#### Given data
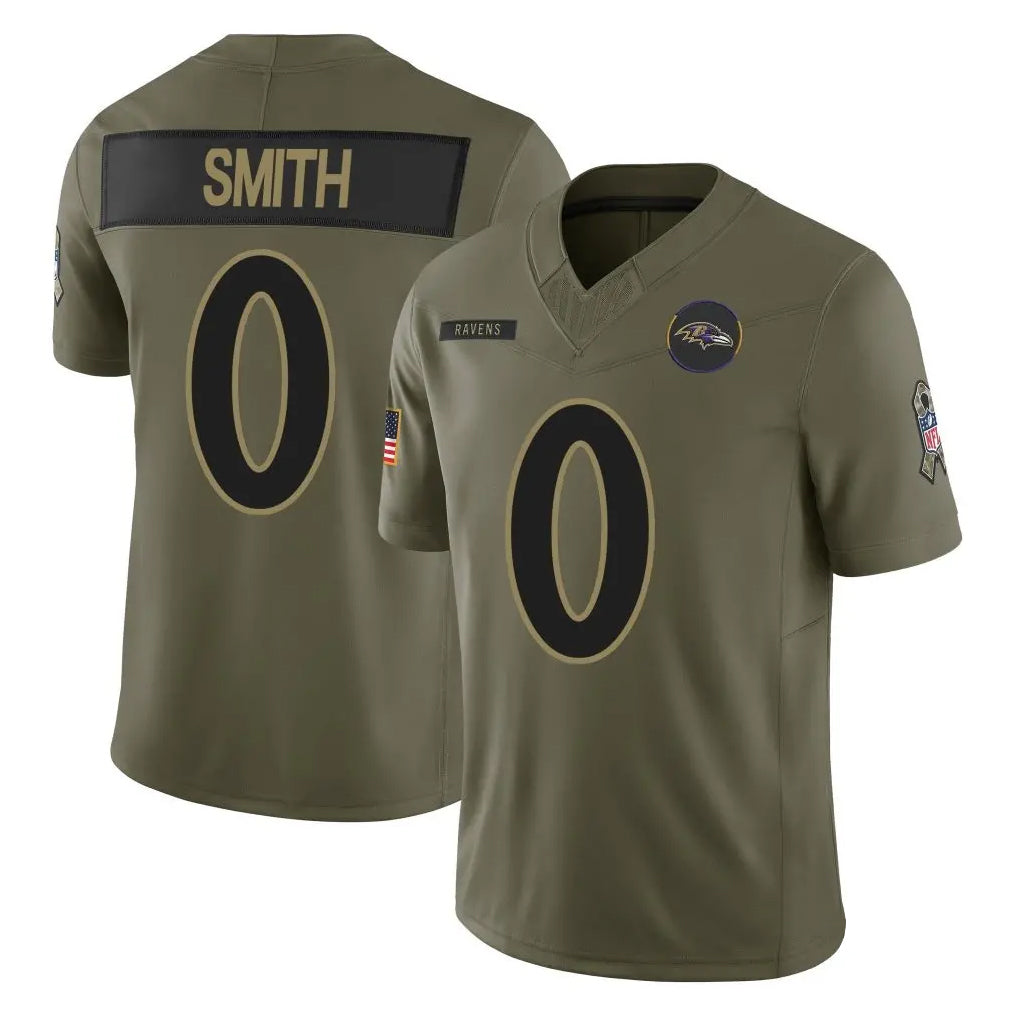 Fenge B.Ravens #0 Roquan Smith Player Olive Salute To Service Limited Home Game Stitched Jerseys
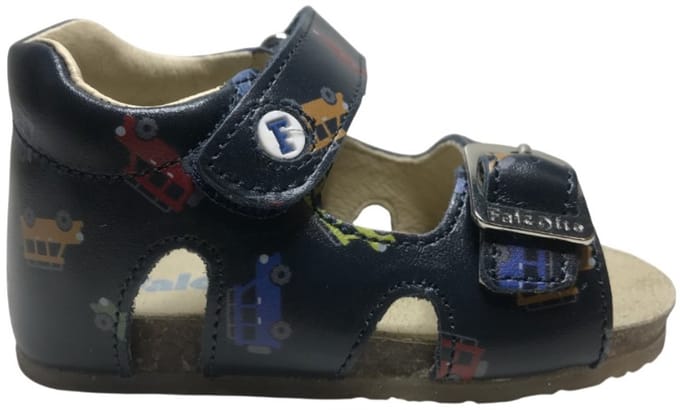 Falcotto - Bea - Mt 21 - velcro gesp lederen sandalen - jeeps - navy/multi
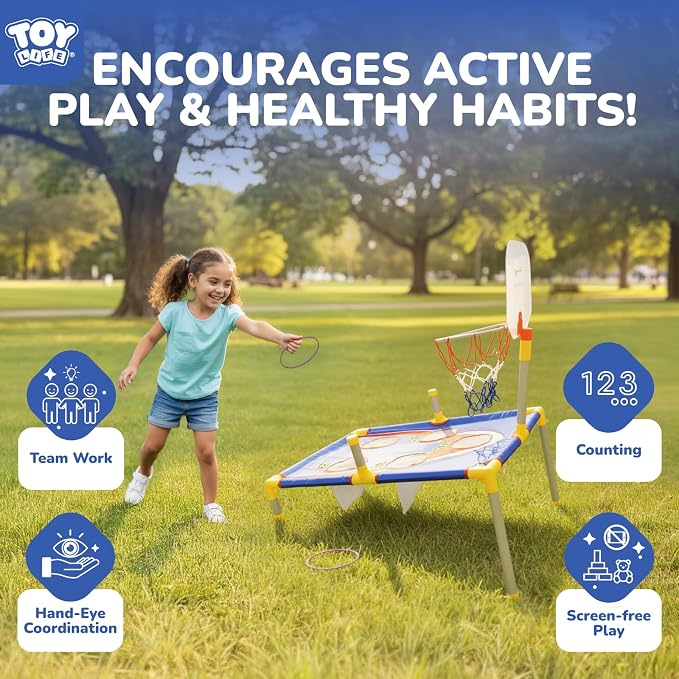 TOY Life Bean Bags Toss Carnival Games, Cornhole, Outdoor Toys for Kids Ages 4-8, Backyard Game Sports & Outdoor Play, Outside Toys for Ages 5-7, Family Lawn Yard Games Birthday Party, Gift for Boys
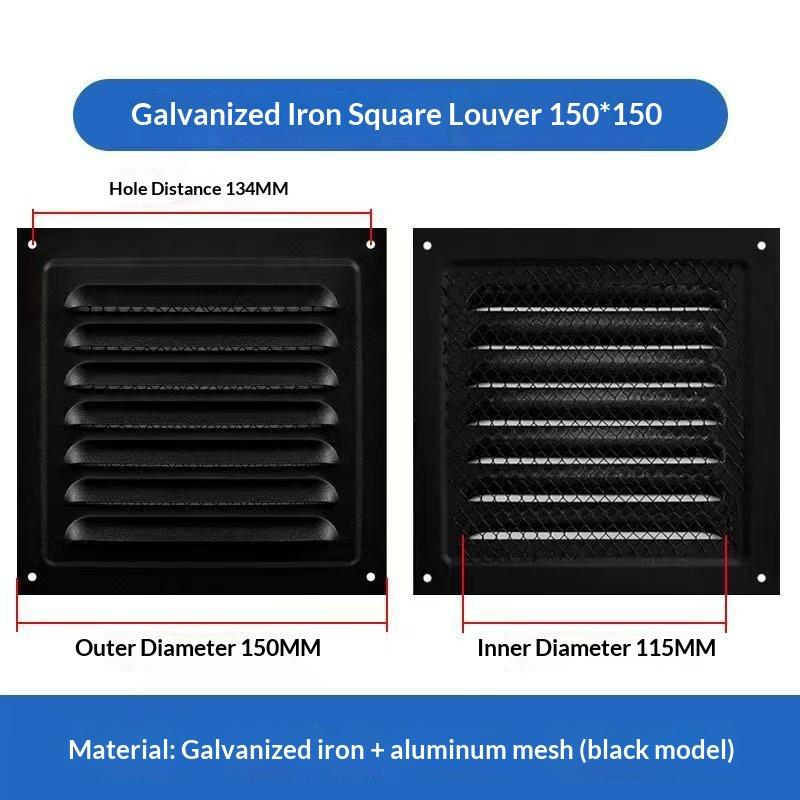 1/2 Stück 150/200/250 mm Metall-Lüftungsgitter Heizungs-Kühlungs-Lüftungsschlitzplatte Auslass-Lüftungsabdeckung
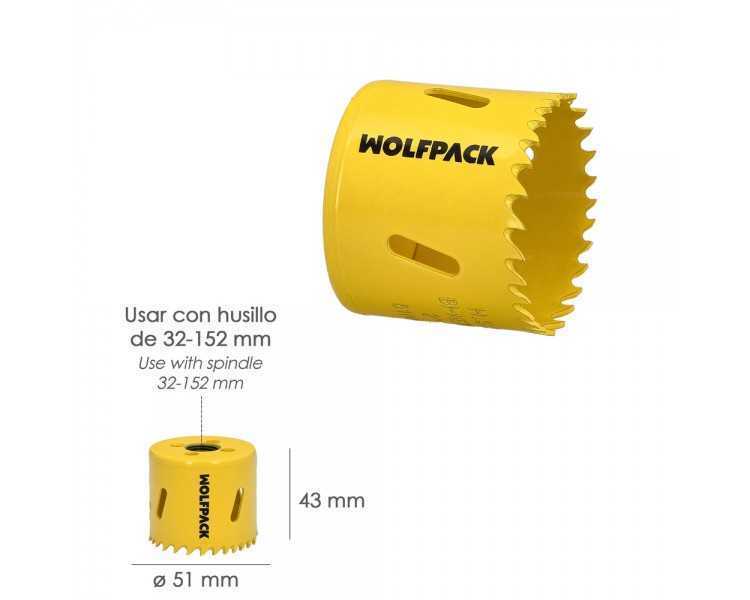 Corona Sierra Bimetal Ø 51 mm. Templado Termico, Base Reforzada. Corona Madera, Broca Agujeros Madera, Acero, Hierro, Plasticos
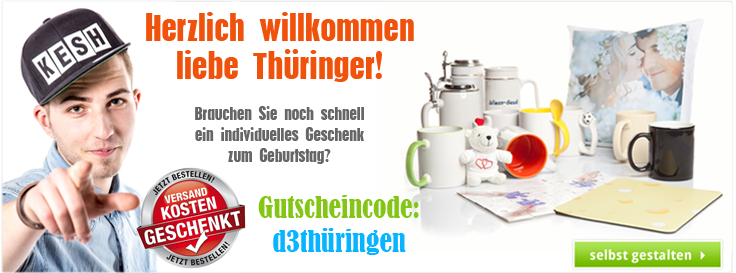 Gutscheincode für Kunden aus Thüringen - Spare die Versandkosten! Gutscheincode für Kunden aus Thüringen - Spare die Versandkosten!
########
§ **Your goal**
Would you return the entries verbatim, minus any images?

§ **Result below**
 Fenge B.Ravens #0 Roquan Smith Player Olive Salute To Service Limited Home Game Stitched Jerseys
 Falcotto - Bea - Mt 21 - velcro gesp lederen sandalen - jeeps - navy/multi
 TOY Life Bean Bags Toss Carnival Games, Cornhole, Outdoor Toys for Kids Ages 4-8, Backyard Game Sports & Outdoor Play, Outside Toys for Ages 5-7, Family Lawn Yard Games Birthday Party, Gift for Boys
 1/2 Stück 150/200/250 mm Metall-Lüftungsgitter Heizungs-Kühlungs-Lüftungsschlitzplatte Auslass-Lüftungsabdeckung
 Corona Sierra Bimetal Ø 51 mm. Templado Termico, Base Reforzada. Corona Madera, Broca Agujeros Madera, Acero, Hierro, Plasticos
 Gutscheincode für Kunden aus Thüringen - Spare die Versandkosten! Gutscheincode für Kunden aus Thüringen - Spare die Versandkosten!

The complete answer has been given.